In that case, I would strongly urge you to consider how much effort to put into a stopgap solution built on a hack (and introducing even more hacks). Because if I understand correctly, this is not a regression or really even a bug: it's just that the very limited hacky support AGS has long had for RTL scripts imposes some inconveniences on devs that makes text formatting difficult (e.g. not being able to rely on automatic wrapping, which simply means they'll have to do so explicitly). So is it really worth it, or would it be better to devote that energy to a proper solution down the road?

Is it possible that some of the inconveniences can even be solved in script without any engine changes, simply by reversing the strings, doing any manipulations on them (including, potentially, finding the linebreak points, reordering the lines and inserting explicit linebreaks), and re-reversing them? (Or not re-reversing them, in the case of some GUI Controls apparently.)
Title: Re: How is the "proper" right-to-left text written, and wrapped?
Post by: Crimson Wizard on Fri 14/04/2023 12:30:42
Quote from: Snarky on Fri 14/04/2023 09:29:05So is it really worth it, or would it be better to devote that energy to a proper solution down the road?

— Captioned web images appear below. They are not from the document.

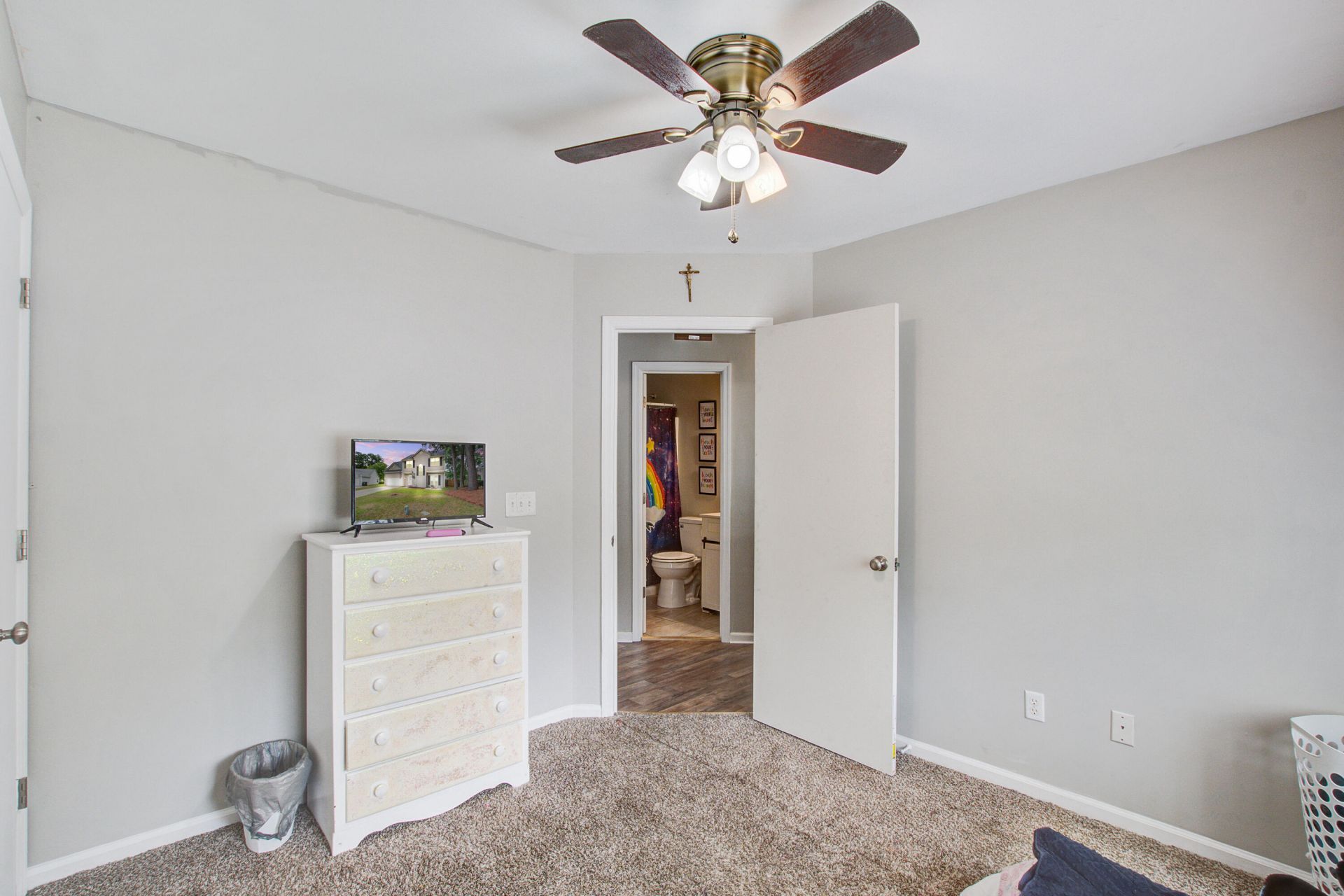 104 Seavington Court Photo 24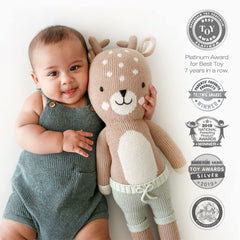 Elliott Fawn hand-knit closeup highlights the smooth cotton yarn texture.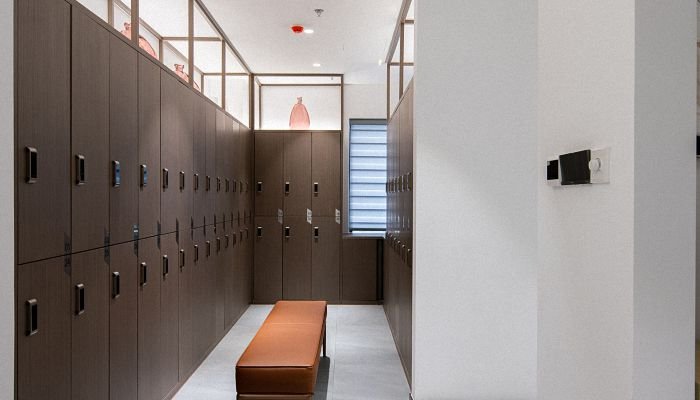 为防盗一公司在员工更衣室安9个摄像头,更衣室允许安装监控设备吗?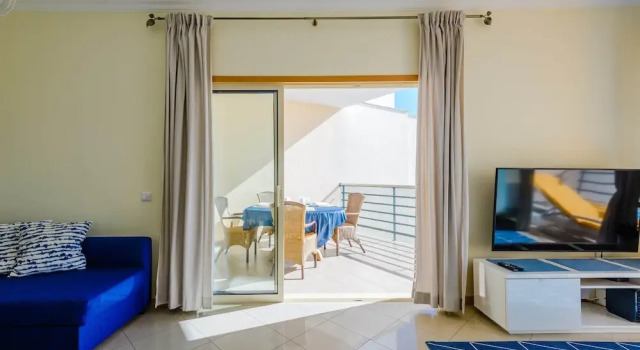 Sea view Apartment with 3 spacious Terraces & 2 Swimming pools, Rezervovat Apartmán Wellness hotely v Páteo, SPA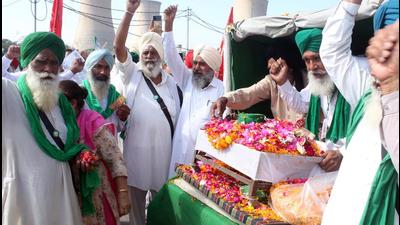 Members of United Kisan Morcha reach Bathinda with the ashes of the farmers who died in Lakhimpur Kheri (UP) on October 24. (HT FILE) Members of United Kisan Morcha reach Bathinda with the ashes of the farmers who died in Lakhimpur Kheri (UP) on October 24. (HT FILE)
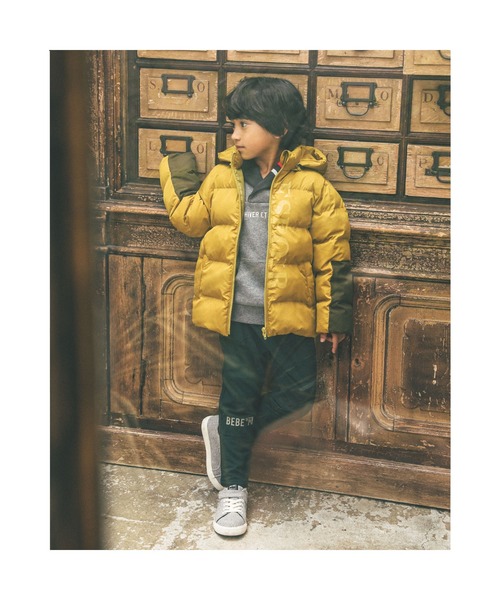 BeBe（ベベ）の「BeBe/ナイロンストレッチ裏ベロアパンツ(90~150cm)（その他パンツ・キッズ・グリーン/パープル・130/100/150/90/140/110/120）」の7枚目の写真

Indeed, it would be better to aim a proper solution. The thing is, I don't know when this will be done, in which version etc, and at least few users already asked for this to work (and some been asking for years prior).

Before this whole conversation I was not fully aware of how RTL is stored internally normally, so I needed to test this out anyway.

In regards to the quick solution that I've been testing, so far it is this:
* expand the existing "Right to left mode", adding a new choice (Right-to-left reversed);
* if this option is on, then when doing text splitting scan the text from right to left.
* also set "alignment to right" as with normal RTL.
* everything else stays the same.

I spent 3-4 hours yesterday adding this option and testing things, but got stuck at the line splitting, because the algorithm is hardcoded for left-to-right scanning. So I wanted to look if I will be able to write a "generic" one instead.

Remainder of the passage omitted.